Googling the answer didn’t really help explain the reason for expiration dates. I learned, when cards used to have magnetic strips, these wore out and the card failed to work properly. Banks proactively sent new cards based on the life of the strip. However, the last country in the world, the USA, finally moved to chip cards eliminating the need for the magnetic strip. But yet, we still have the expiration dates. Some banks claim it is an added security measure. Well okay, I don’t see how but if this is the case then why not extend the date out for an extra few years.
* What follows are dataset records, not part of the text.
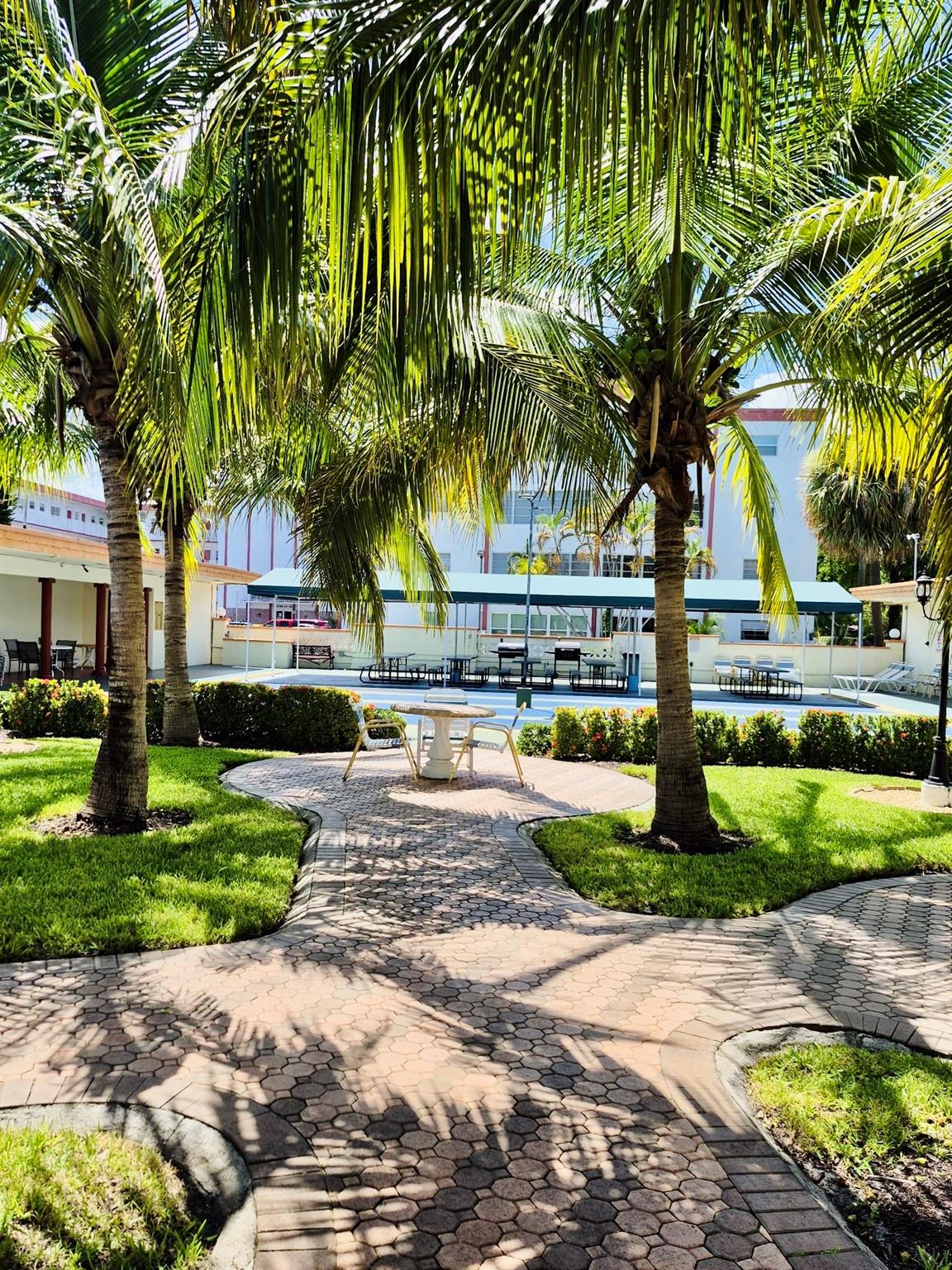 SAPPHIRE CONDO - Residential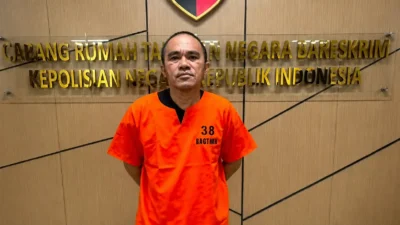 Penampakan AKP Deky Jonathan Sasiang Kenakan Baju Oranye di Rutan Bareskrim, Terseret Kasus TPPU Narkotika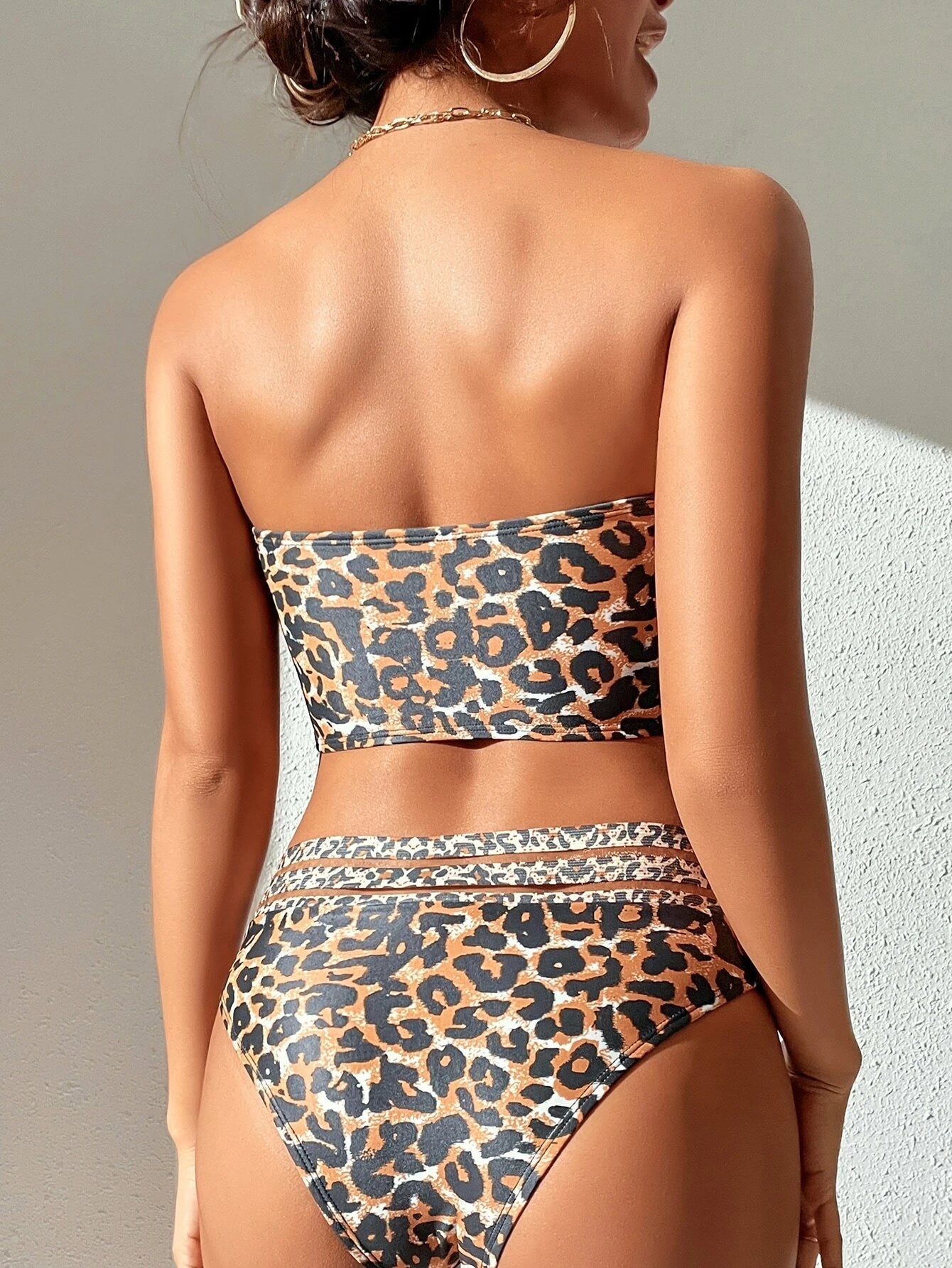 Kathryn Leopard Retro Bandeau Bikini Photo Set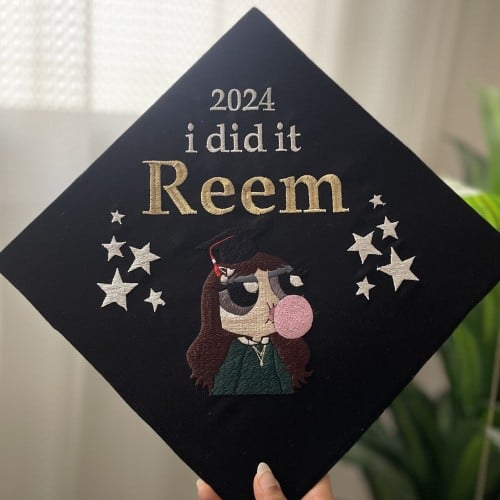 قبعة تخرج صديقات #2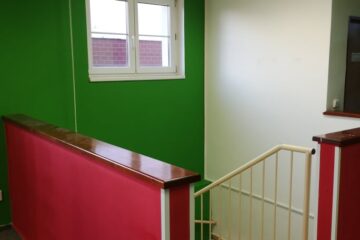 Malířské práce - výmalba schodiště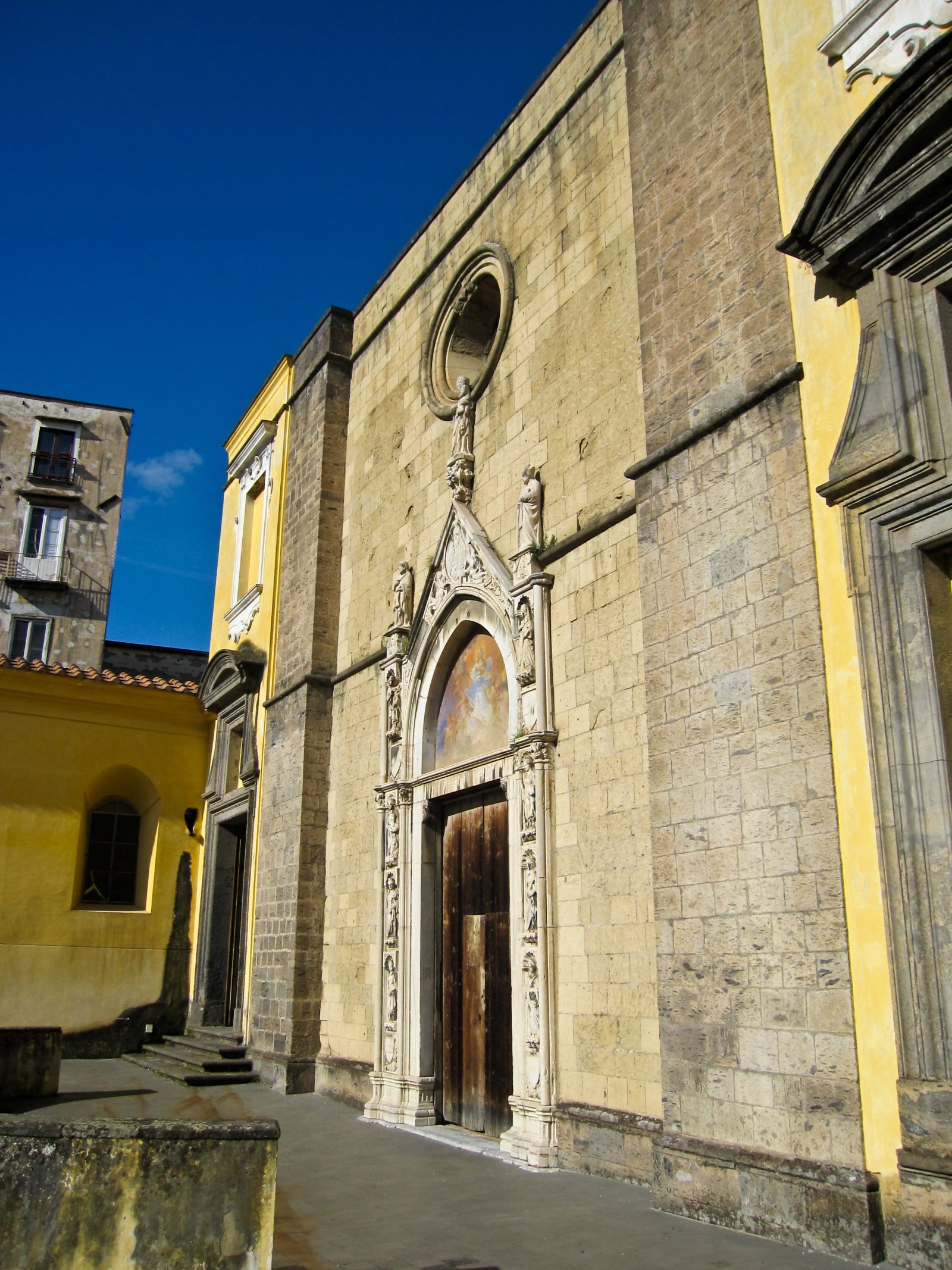 Napoli: San Giovanni kirik Carbonaras - Napoli | Secret World Trip Planner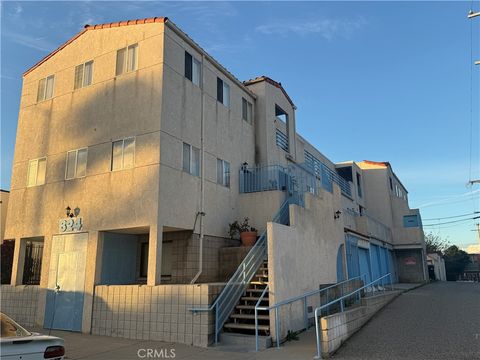 Photo of 828 W 9th Street St, San Pedro, CA 90731 (MLS # SB26001443)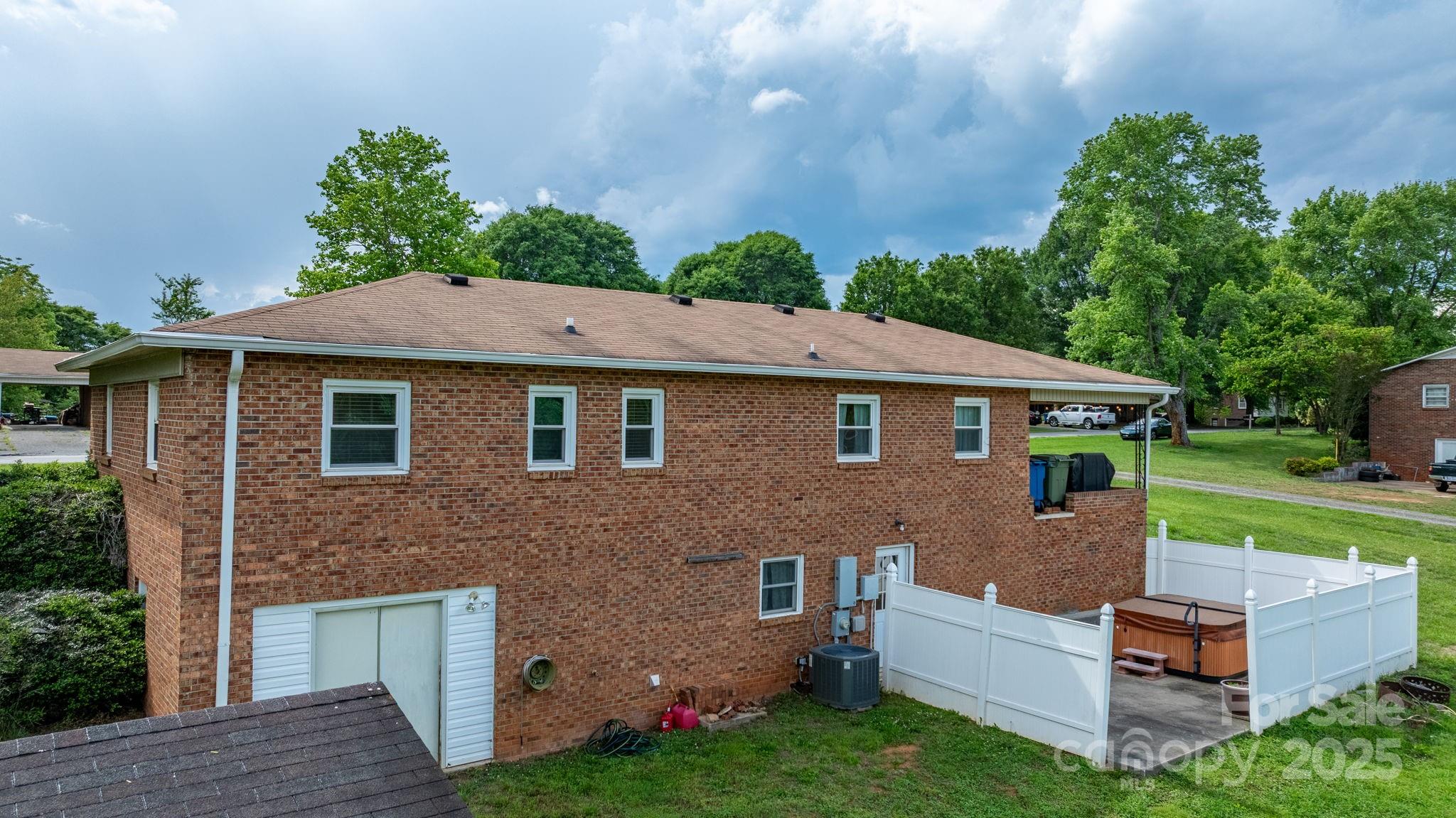 2609 Raintree Street Property Photo 23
The credit card companies force customers to update any auto-payment information. It is a pain to do this. Off the top of your head, can you state how many accounts you have that auto-bill your credit card? We have multiple accounts, such as our satellite phone, NetFlix subscription, InReach satellite communication, VPN services, just to name a few. As you can see, some of our more critical systems depend on a monthly or annual bill such as our sat phone. If I missed updating this account and we set off on a voyage, our emergency phone could be disconnected.
One of our credit cards is expiring at the end of this month. It is the card we use for rental cars because it has an awesome free benefit covering us all over the world as primary collision insurance whenever we rent a car using this particular card. This is normally covered by a person’s personal auto insurance policy. But, we do not have car insurance since we do not own a car. The value of this benefit for us is substantial. The card company sent our replacement card to our USA address. We know this because they sent us an email. Hmm, now what?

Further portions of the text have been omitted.